→ **Task to carry out**
Give back exactly the lines of the entries below from the line with "MvC2 - PSN FT10" to the line with "riverside furniture nadene", inclusive, and only those.

→ **Material provided**
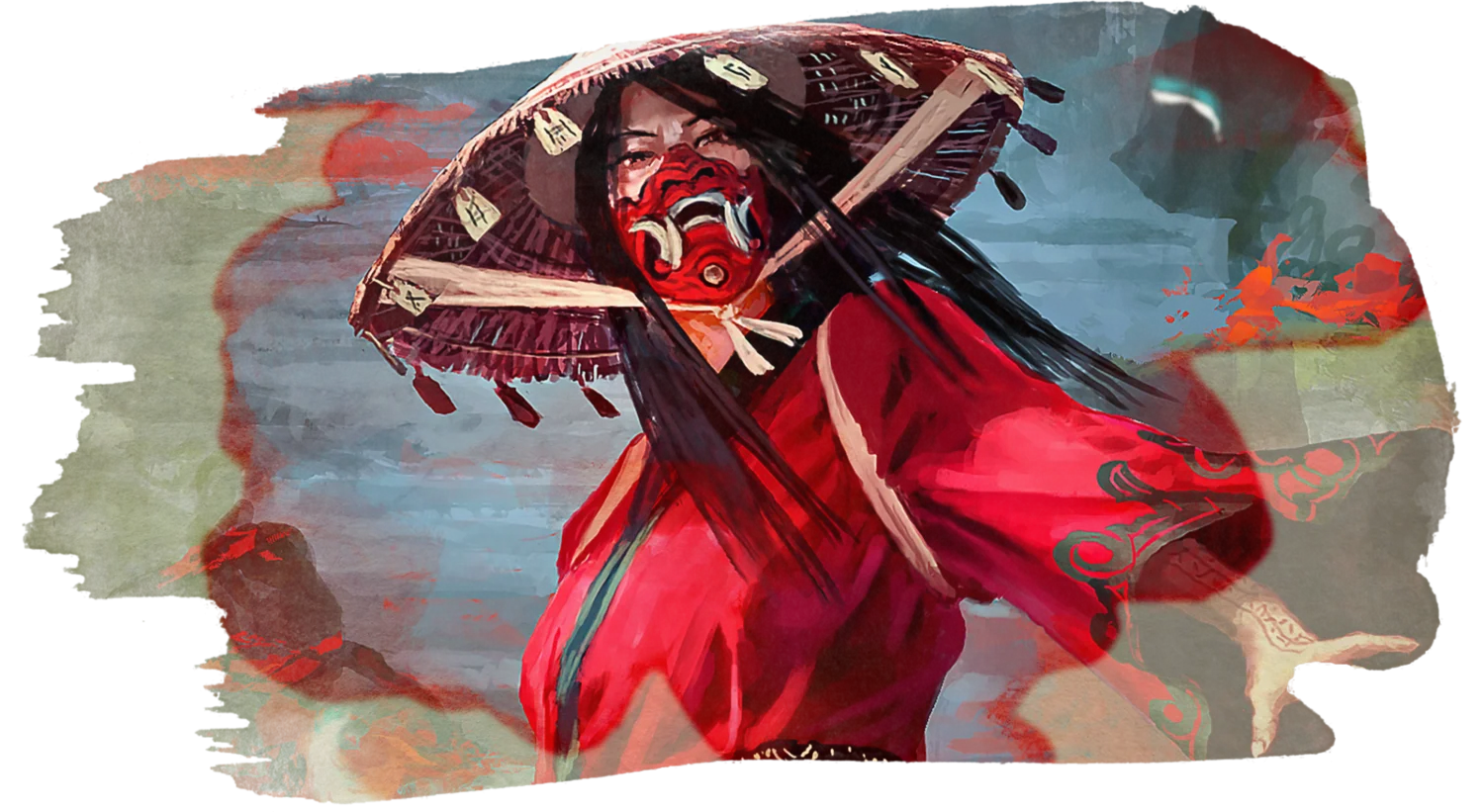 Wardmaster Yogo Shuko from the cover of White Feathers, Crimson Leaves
==
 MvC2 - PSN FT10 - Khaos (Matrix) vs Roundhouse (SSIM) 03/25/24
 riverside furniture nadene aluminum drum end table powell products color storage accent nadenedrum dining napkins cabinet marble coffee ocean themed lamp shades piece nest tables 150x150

→ **Expected answer**
 MvC2 - PSN FT10 - Khaos (Matrix) vs Roundhouse (SSIM) 03/25/24
 riverside furniture nadene aluminum drum end table powell products color storage accent nadenedrum dining napkins cabinet marble coffee ocean themed lamp shades piece nest tables 150x150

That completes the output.